The pitiful irony is that such slavish and unthinking subservience to health and safety rules and regulations – which exist to protect us – actually puts lives in danger. In outlawing discretion and personal judgement it puts otherwise responsible adults into the mental framework of children. In situations where peoples’ lives are on the line, this becomes deadly.
A chilling example of just this occurred in Ayreshire, Scotland in 2008; the inquest of which was reported in The Times yesterday.
Alison Hume, who had fallen down a 60ft mine shaft, was left there for four hours after emergency services arrived because health and safety rules specified that the lifting gear used to lower a firefighter down to her was to be used only by firefighters.
As such, a mountain rescue team were called to get her out. A paramedic who volunteered to treat her was also prevented from being lowered in.

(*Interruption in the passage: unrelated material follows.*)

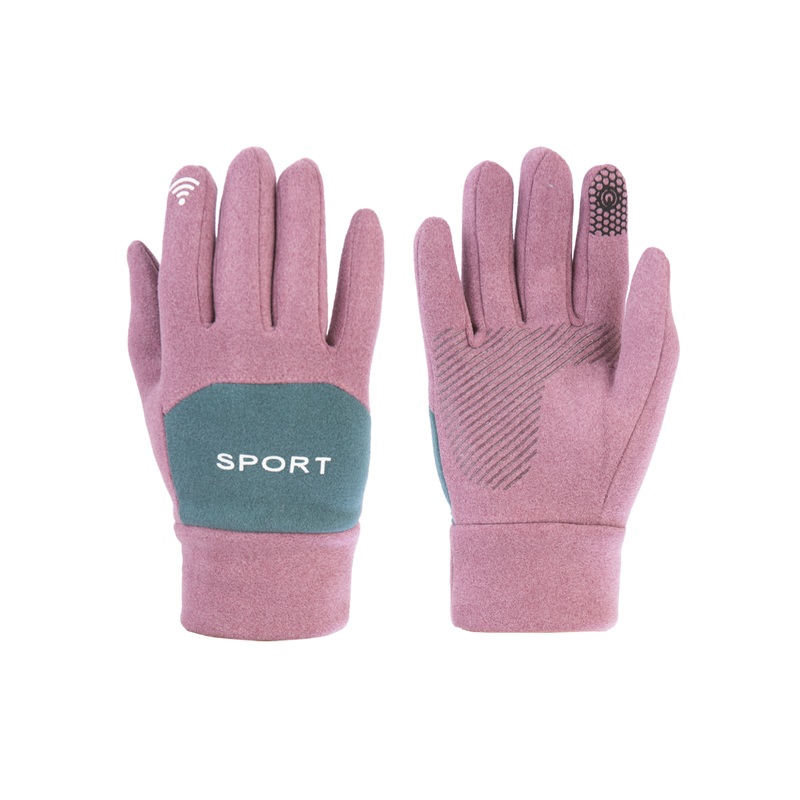 Aln Accessories Winter Skiing Gloves Purple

In the end she died of a heart attack as the mountain rescue team brought to the surface – six hours after falling down the shaft.
This should not have happened. Christopher Rooney, the first senior firefighter on the scene, told the inquest that ‘on the basis of the manpower and equipment available’ it would have been possible for the firefighters to bring Ms Hume to the surface themselves, without having to wait for the mountain rescue team.
So why was Ms Hume – a mother of two – allowed to die? For the sake of a human life, would it really have been such a crime for the firefighters to use their discretion, their responsibility, their common sense and heroism to break the rules and bring her up themselves?
Dominic Lawson once wrote that when all conduct is made enforceable, the ability for people to behave a certain way purely out of moral choice and conscience is removed. The net effect of this is that otherwise reprehensible behaviour becomes defensible with the get-out ‘it was within the rules’.
Lawson was speaking about MP’s expenses at the time, but the same principle applies. Though in this instance something far more precious was lost and, unlike taxpayer’s money, it can never to be replaced.